[ENTRIES SUPPLIED]
|---|

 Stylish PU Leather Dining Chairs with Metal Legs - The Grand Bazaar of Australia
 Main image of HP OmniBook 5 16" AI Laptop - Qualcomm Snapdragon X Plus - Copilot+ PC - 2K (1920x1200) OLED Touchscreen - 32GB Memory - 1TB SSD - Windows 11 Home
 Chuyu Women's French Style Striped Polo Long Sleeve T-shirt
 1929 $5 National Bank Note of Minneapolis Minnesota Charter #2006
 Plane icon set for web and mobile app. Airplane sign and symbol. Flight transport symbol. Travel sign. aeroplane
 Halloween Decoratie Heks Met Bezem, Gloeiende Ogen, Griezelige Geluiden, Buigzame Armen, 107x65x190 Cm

|---|

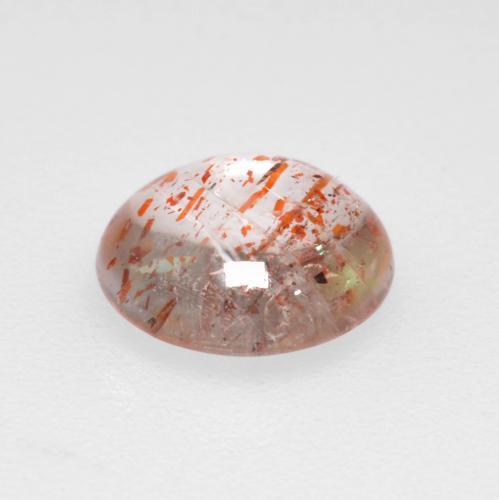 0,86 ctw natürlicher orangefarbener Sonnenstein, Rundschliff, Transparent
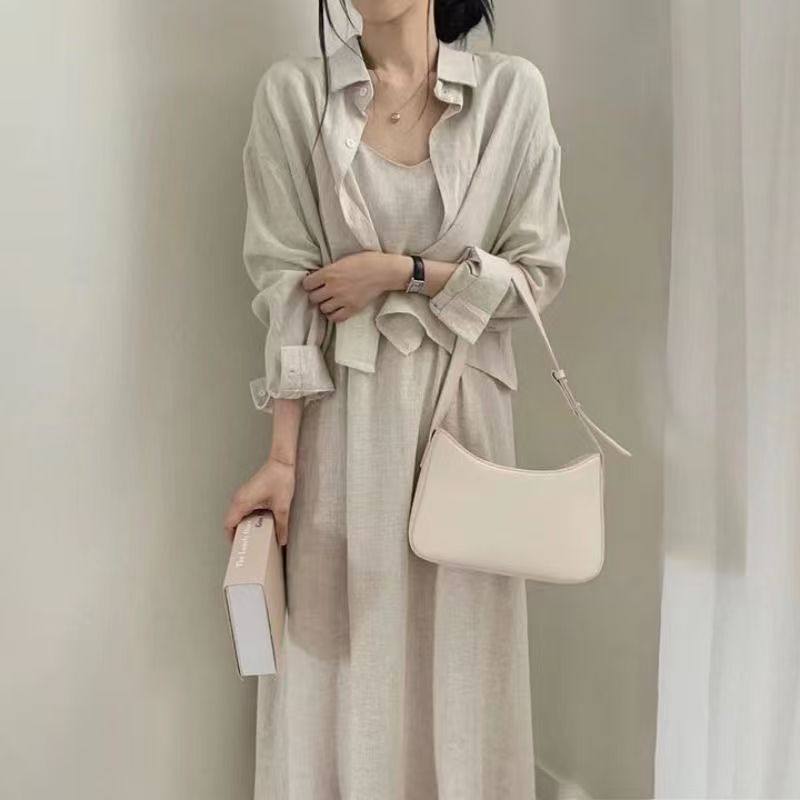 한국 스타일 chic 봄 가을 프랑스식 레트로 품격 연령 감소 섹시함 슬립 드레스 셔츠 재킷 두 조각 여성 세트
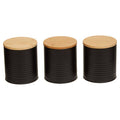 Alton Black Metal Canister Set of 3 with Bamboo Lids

|---|

[EXERCISE DESCRIPTION] Here the job is to copy the listing above word for word, starting at the line with "0,86 ctw natürlicher" and ending at the line with "Alton Black Metal", and to leave out the pictures.

[RESPONSE TO THIS EXERCISE]
 0,86 ctw natürlicher orangefarbener Sonnenstein, Rundschliff, Transparent
 한국 스타일 chic 봄 가을 프랑스식 레트로 품격 연령 감소 섹시함 슬립 드레스 셔츠 재킷 두 조각 여성 세트
 Alton Black Metal Canister Set of 3 with Bamboo Lids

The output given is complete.